Material for this exercise ::
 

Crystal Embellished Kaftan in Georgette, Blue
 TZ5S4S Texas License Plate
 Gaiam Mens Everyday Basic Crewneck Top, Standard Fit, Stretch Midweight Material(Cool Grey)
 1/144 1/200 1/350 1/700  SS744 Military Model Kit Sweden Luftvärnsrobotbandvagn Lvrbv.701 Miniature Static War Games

--

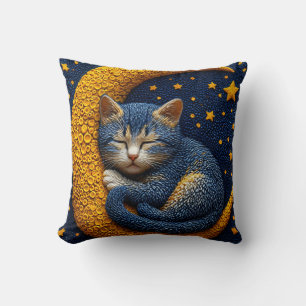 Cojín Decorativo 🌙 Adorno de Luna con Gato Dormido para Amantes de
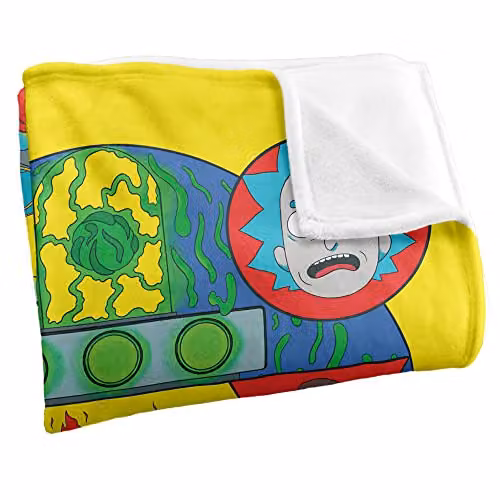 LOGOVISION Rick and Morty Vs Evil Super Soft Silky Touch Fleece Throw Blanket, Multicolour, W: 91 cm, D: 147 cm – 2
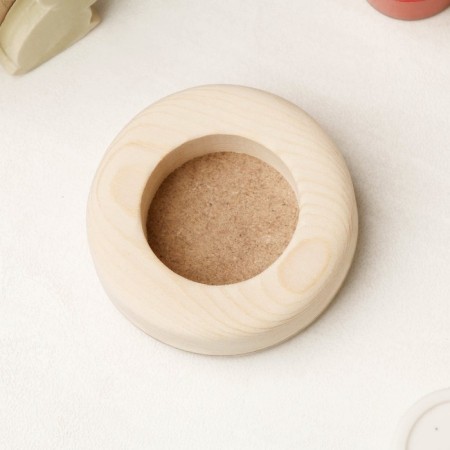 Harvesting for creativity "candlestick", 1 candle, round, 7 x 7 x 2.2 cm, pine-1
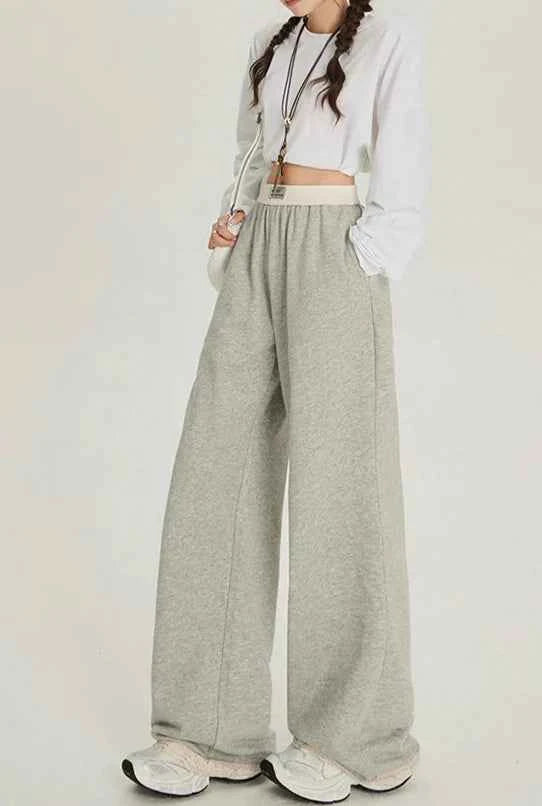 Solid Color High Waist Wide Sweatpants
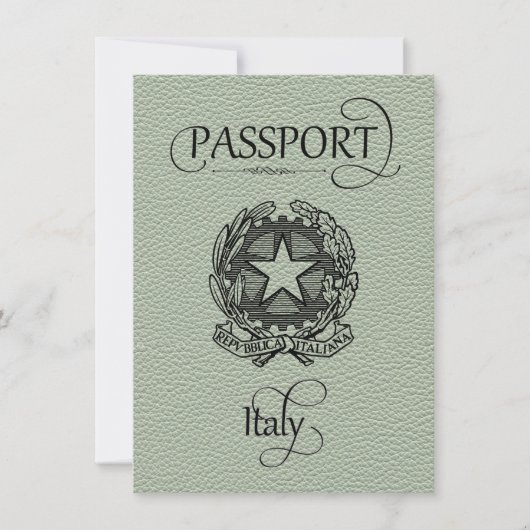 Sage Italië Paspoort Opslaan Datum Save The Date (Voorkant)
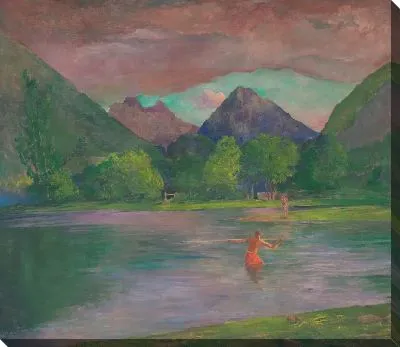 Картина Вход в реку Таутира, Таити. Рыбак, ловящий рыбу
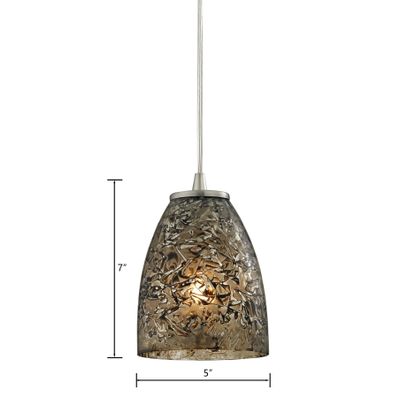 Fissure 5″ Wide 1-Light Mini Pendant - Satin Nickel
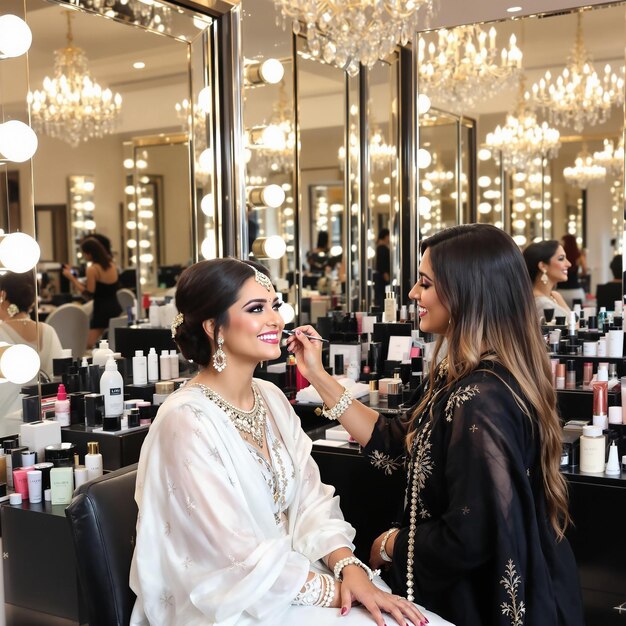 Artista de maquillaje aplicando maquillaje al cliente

...

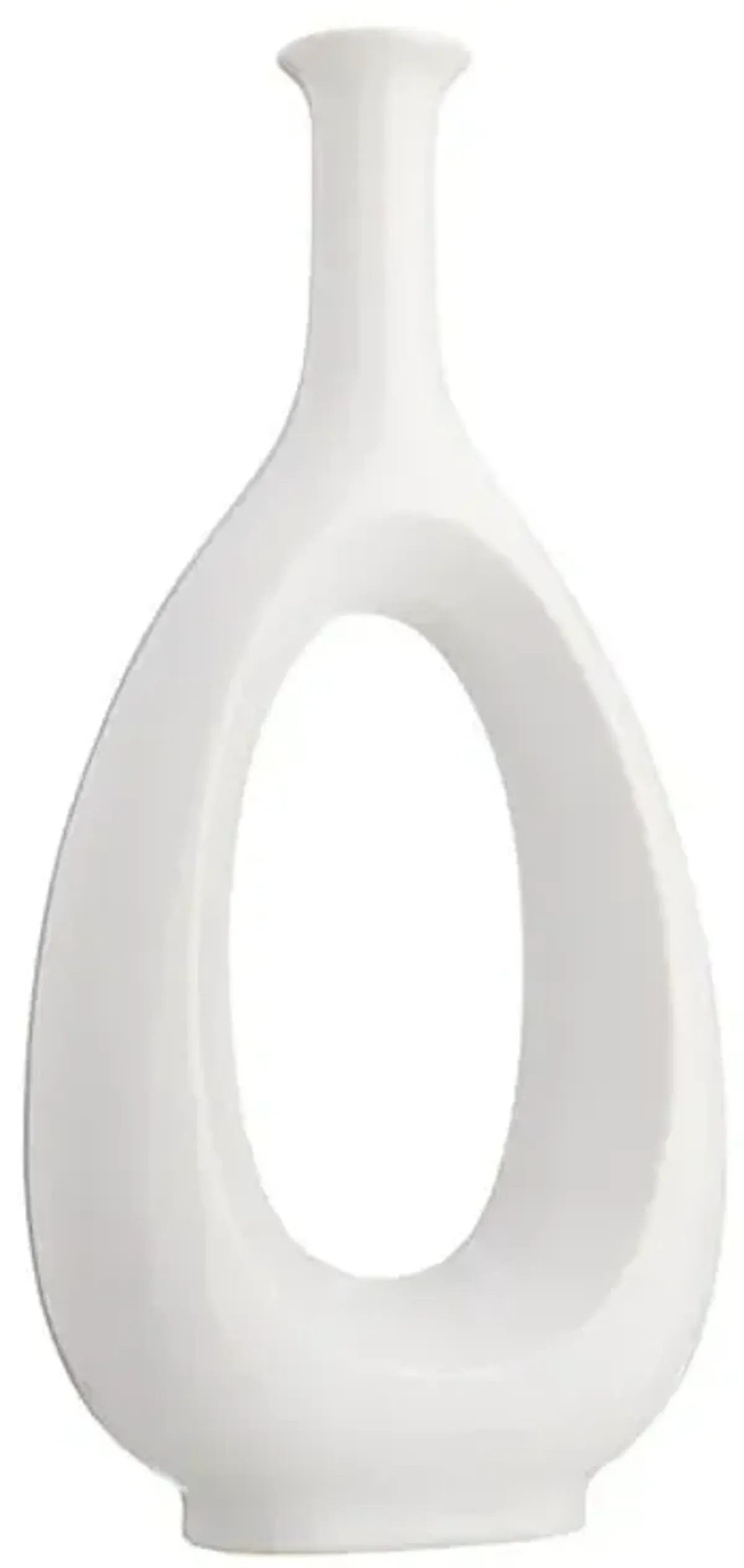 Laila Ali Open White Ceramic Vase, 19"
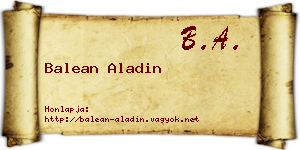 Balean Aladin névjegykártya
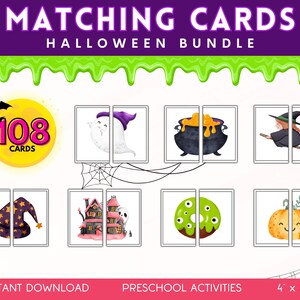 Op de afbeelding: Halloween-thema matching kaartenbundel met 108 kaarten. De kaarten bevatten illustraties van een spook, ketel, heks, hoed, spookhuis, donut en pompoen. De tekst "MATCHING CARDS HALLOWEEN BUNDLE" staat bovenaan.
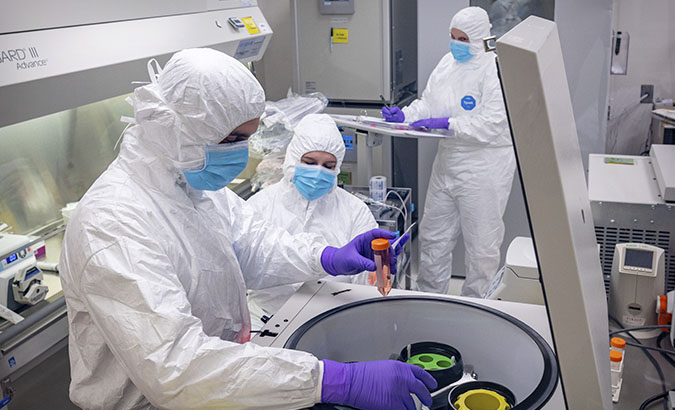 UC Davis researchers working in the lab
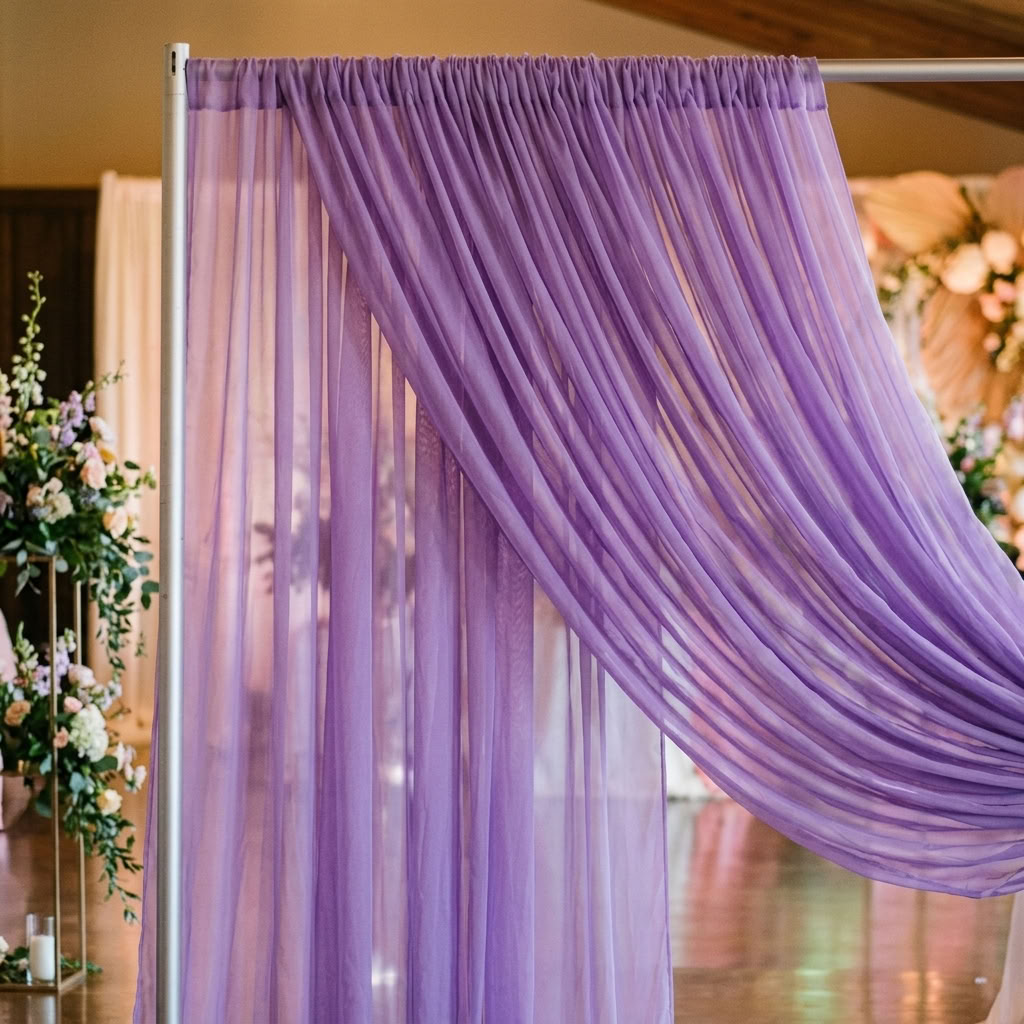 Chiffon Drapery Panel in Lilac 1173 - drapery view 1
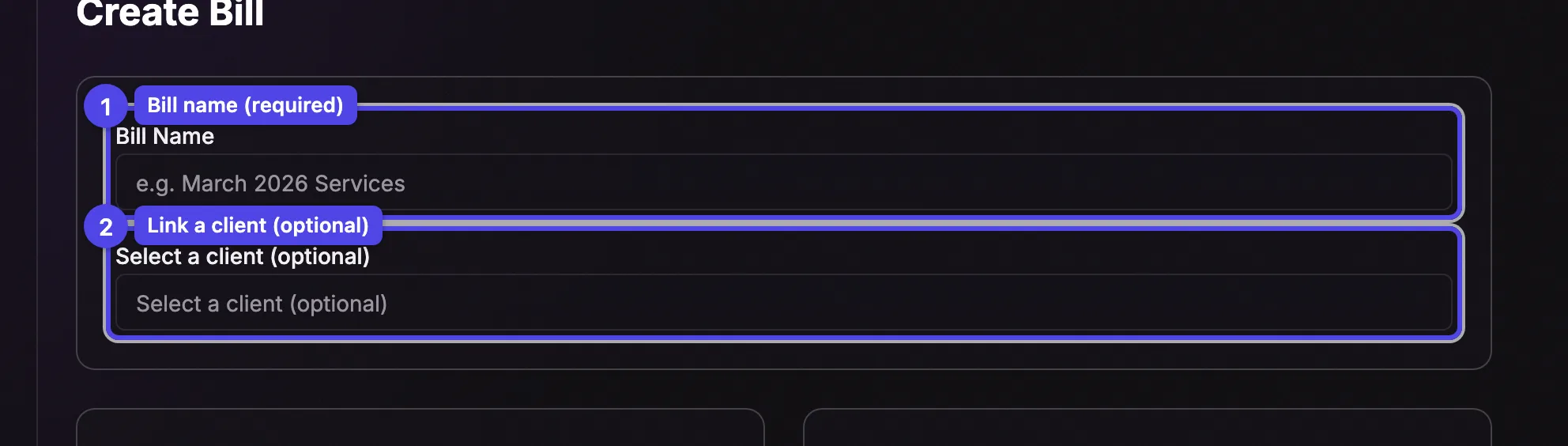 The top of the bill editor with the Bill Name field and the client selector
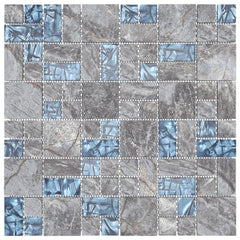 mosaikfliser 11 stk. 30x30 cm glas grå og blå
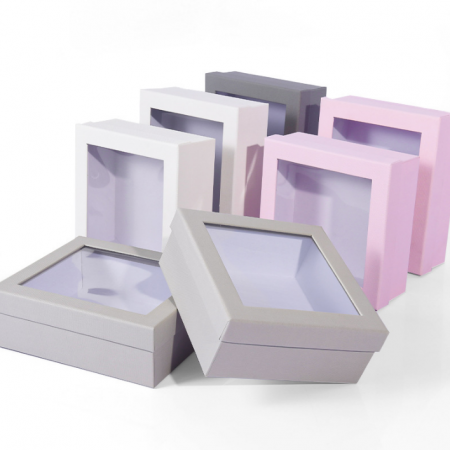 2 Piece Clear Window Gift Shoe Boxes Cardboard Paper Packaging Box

Task :: Each line from the one that contains "Harvesting for creativity" down to the one that contains "Artista de maquillaje" is to be returned exactly as it stands above, both ends included, with pictures removed.

Response for this exercise ::
 Harvesting for creativity "candlestick", 1 candle, round, 7 x 7 x 2.2 cm, pine-1
 Solid Color High Waist Wide Sweatpants
 Sage Italië Paspoort Opslaan Datum Save The Date (Voorkant)
 Картина Вход в реку Таутира, Таити. Рыбак, ловящий рыбу
 Fissure 5″ Wide 1-Light Mini Pendant - Satin Nickel
 Artista de maquillaje aplicando maquillaje al cliente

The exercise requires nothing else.